I'm a fourth-year undergraduate student supervised by Prof. Yan Lyu at Training Base for Top Students in Computer Science, Southeast University, Nanjing, China. I was a visiting scholar working with Prof. Brian Y. Lim at NUS Ubicomp Lab, National University of Singapore, Singapore. I'm currently an AI researcher (internship) working in the embodied perception group, Knowin AI, Shenzhen, China. I'm interested in human-centered designs.

Email / CV / Github

Research

highlight denotes first-author works; purple denotes supervisors; ^* denotes equal contributions; ^† denotes corresponding authors.

Learning from Human Gaze: Human-like Robot Social Navigation in Dense Crowds Zhecheng Yu^*, Yan Lyu^*, Chen Yang, Tao Chen, Yishuang Zhang, Bo Ling, Peng Wang, Guanyu Gao, Weiwei Wu, Brian Y. Lim^† AAAI 2026 We introduce GazeNav, a real-world eye-tracking dataset in dense crowds, and propose Gaze2Nav, a navigation framework that mimics human gaze to identify socially salient pedestrians, achieving more human-like robot navigation.

Projects

Here are my projects built based on my interests or engineering needs.

Eye tracking and interaction in the virtual environment Unity, Meta Quest Pro, Meta Movement SDK 2024 This project implements an egocentric virtual-world eye tracking system that supports real-time visualization of gaze and hover (or select) behavior. Built on the Meta Quest Pro headset and leveraging the Meta Movement SDK, it is developed in Unity and can also be integrated with XR, enabling researchers and developers to analyze user attention and interaction patterns with objects within immersive virtual environments.
👈 Click to play a video demo.

Learning Notes

Here are my learning notes compiled based on various open-source materials and my personal understanding.
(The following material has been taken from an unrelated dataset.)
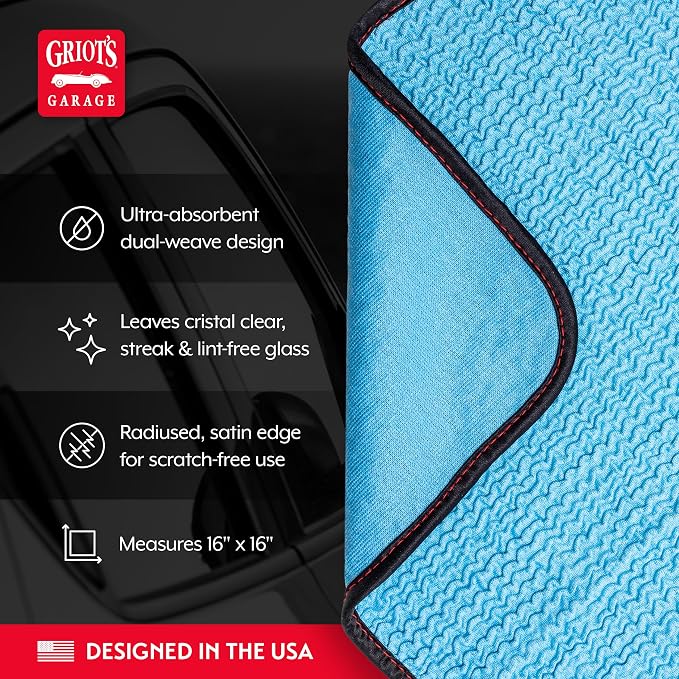 Griot's Garage PFM Crinkle Glass Towels for Car Detailing, Streak-Free Cleaning for Windows, Windshield, Mirrors, and More, 16" x 16", 55583, Set of 3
Introduction to Flow Matching and Diffusion Models MIT Computer Science Class 6.S184: Generative AI with Stochastic Differential Equations (2025) 2025 Diffusion and flow-based models have become the state of the art for generative AI across a wide range of data modalities, including images, videos, shapes, molecules, music, and more! This course aims to build up the mathematical framework underlying these models from first principles. At the end of the class, students will have built a toy image diffusion model from scratch, and along the way, will have gained hands-on experience with the mathematical toolbox of stochastic differential equations that is useful in many other fields. This course is ideal for students who want to develop a principled understanding of the theory and practice of generative AI.
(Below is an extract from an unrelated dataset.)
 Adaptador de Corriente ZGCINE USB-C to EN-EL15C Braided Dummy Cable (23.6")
Robot Foundation Models Physical Intelligence, NVIDIA, ... 2026 This note covers the latest advances in robot foundation models, including Vision-Language-Action (VLA) architectures and World Action Models (WAMs). They cover how large-scale pre-training on diverse data enables generalist robot policies and methods for improving real-world manipulation and dexterity.